Source: KIT-FAST
High material costs, difficult to control manufacturing processes, and the challenging virtual design inhibit the assertion of fiber-reinforced compposites in large volume production. Novel material systems and manufacturing processes in the field of Sheet Molding Compound (SMC), a long fiber reinforced thermoset, have significantly increased the potential of FRP for large scale applications. This trend is evident especially in the field of battery electric vehicles (BEV) for the application to battery claddings. Here, SMC can already be found in several solutions, due to its high design freedom and at the same time material low costs.
To fully exploit the lightweight potential of SMC solutions, suitable approaches for the virtual design and optimization are inevitable.
However, the manufacturing process distinctively influences the fiber structure, which in turn influences the part’s performance. Therefore, the efficient virtual design requires a digital twin of the manufacturing process as well as a virtual process chain, to predict and retain information about manufacturing effects for downstream simulation approaches, such as warpage and structural simulation.
Source: KIT-FAST
Previous academic models, however, are too complex to enable the efficient material card generation for structural simulations in industrial applications. Also, they do not yet have the necessary level of maturity to map industrial processes with minimum requirements on accuracy and maximum numerical efficiency.
The public-funded project VirtualSMC remedies the current limitations for the industrial-scaled virtual design of SMC applications.
Within the project, a virtual process chain with simplified simulation approaches for SMC is developed at the Institute of Vehicle System Technology (FAST) at the Karlsruhe Institute of Technology (KIT). This includes simplified approaches for compression molding, warpage, and structural simulation.

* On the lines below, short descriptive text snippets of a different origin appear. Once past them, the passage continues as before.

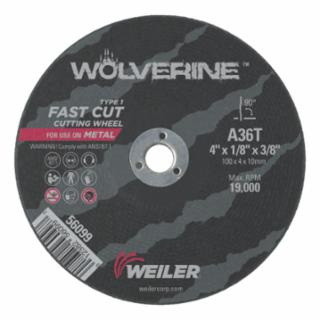 Weiler 804 56099 4 X 1/8 Wolv Ty1 C O Whl  A36T  3...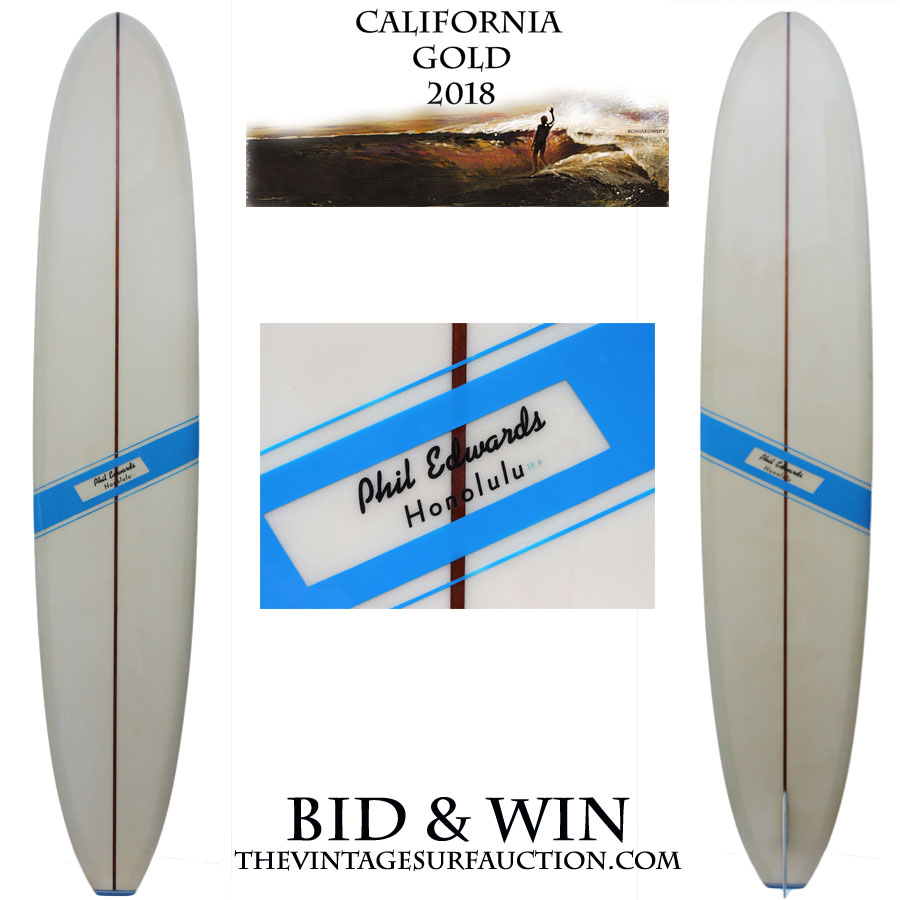 Phil Edwards Honolulu Model #18 A | California Gold Surf Auction
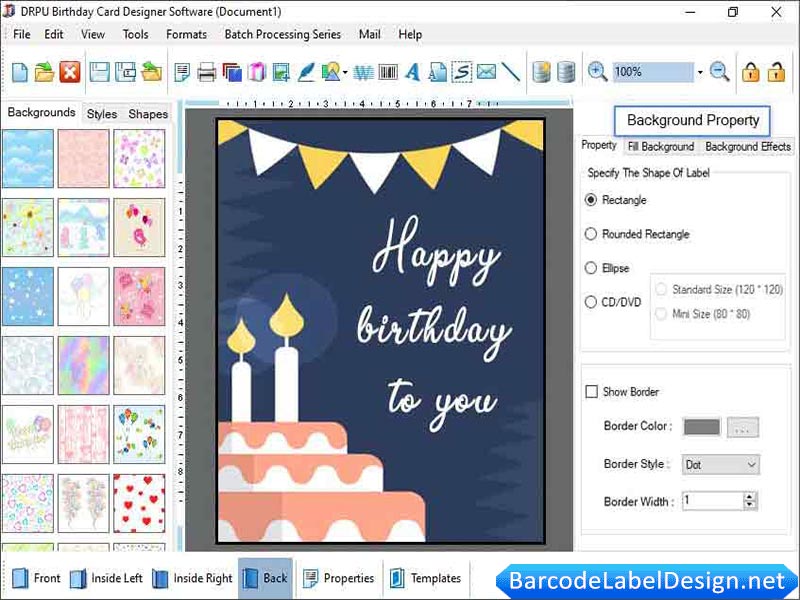 Customized, colorful, high, resolution, happy, birthday, label, greeting, cards, print, designing, software, generate, creative, stylish, elegant, quality, flexible, special, images, utility, creates, pictures, graphics, pencil, ellipse, line, tool
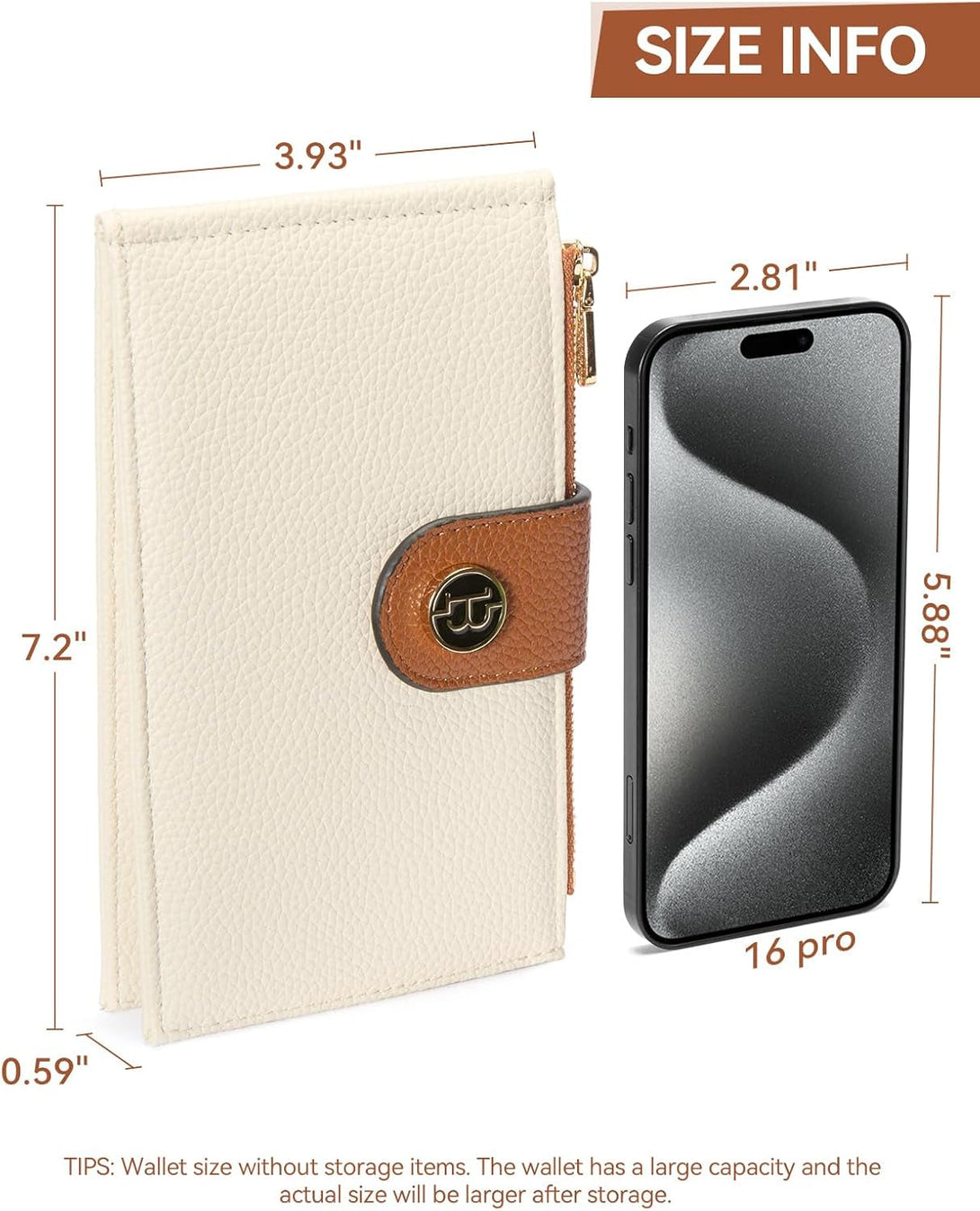 BOSTANTEN Leather Wallets for Women RFID Blocking Slim Bofild Purse Card Holder with Zipper Pocket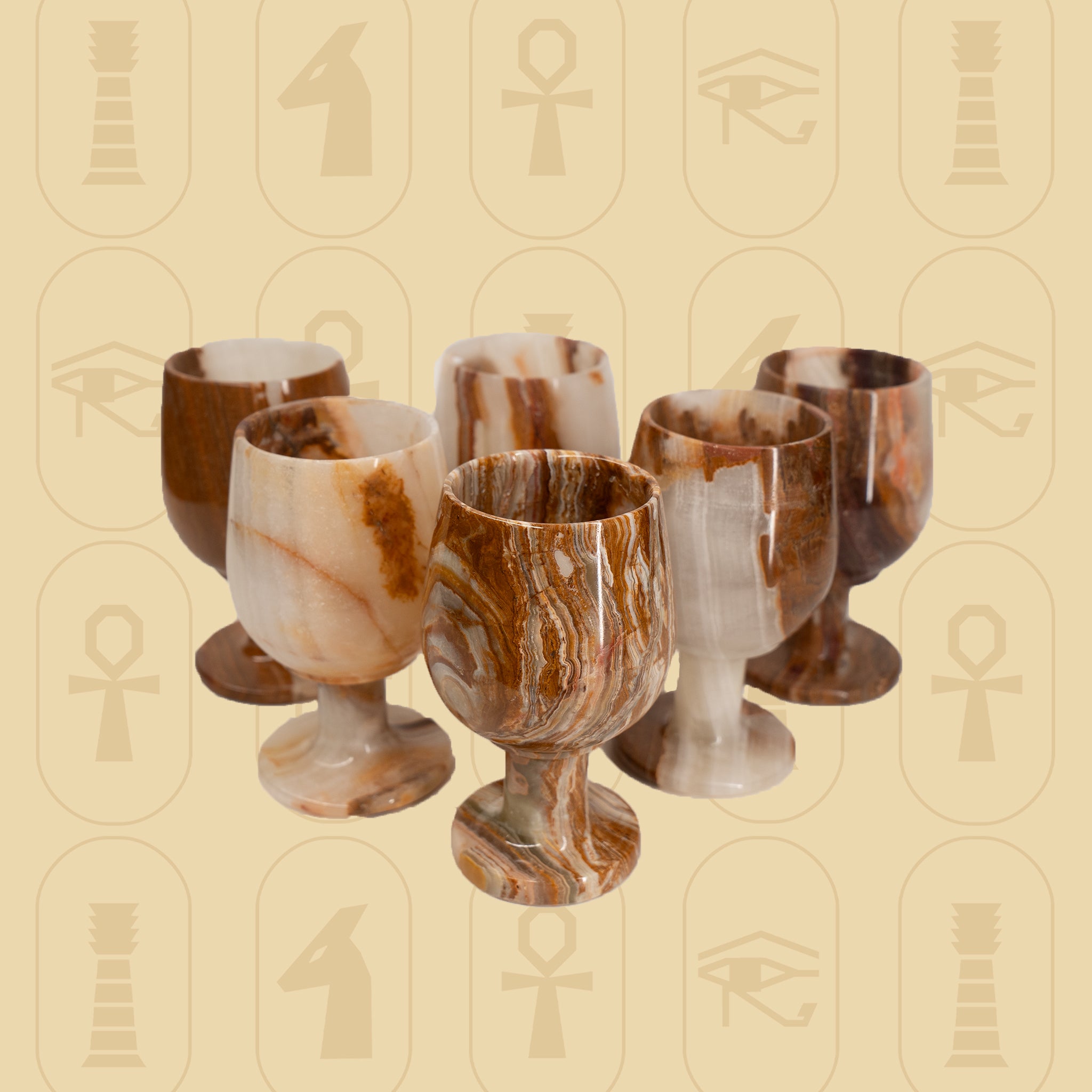 Set di Vetro Elegante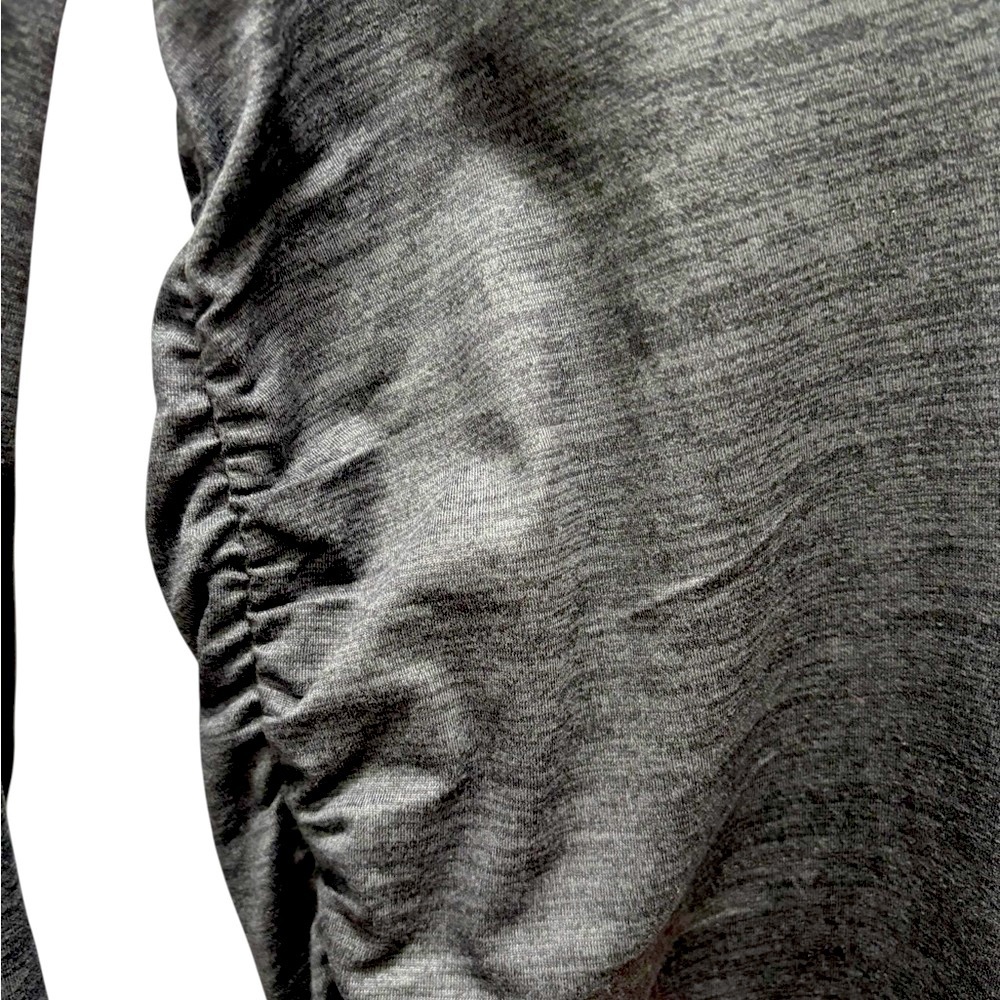 NWT Free People Movement Black Long Sleeve Ruched Seam Activewear Women’s Small - Picture 4 of 10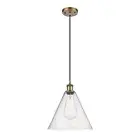 Innovations Ballston Cone 12" Mini Pendant, LED, BB/Seed - 516-1P-BB-GBC-124-LED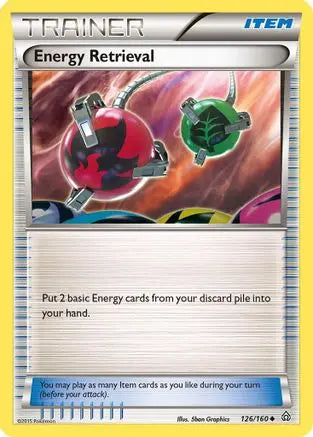 Energy Retrieval 126 XY Primal Clash - Uncommon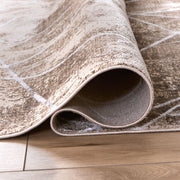 Rienz Brown Linear Geometric - U7017 - 5' x 8'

VirtualSMC is funded by the Ministry of Science, Research, and Art of the federal state Baden-Württemberg, Germany, and the SIMUTENCE GmbH. Besides this, the Hengrui Group (HRC) and the Advanced Composites Technology Center (ACTC) support the project through the supply of an existing design for a BEV SMC battery cladding, which is used as the demonstrator part within the project. The project has already started in March 2020 and has a duration of 18 monthes.
Source: HRC / ACTC
We are looking forward to an exciting project and novel simulation approaches for the efficient virtual design of SMC solutions. The simulation approaches developed by the KIT-FAST will support the assertion of SMC for large volume production and SIMUTENCE will enable the technology transfer through engineering services under the application of these methods.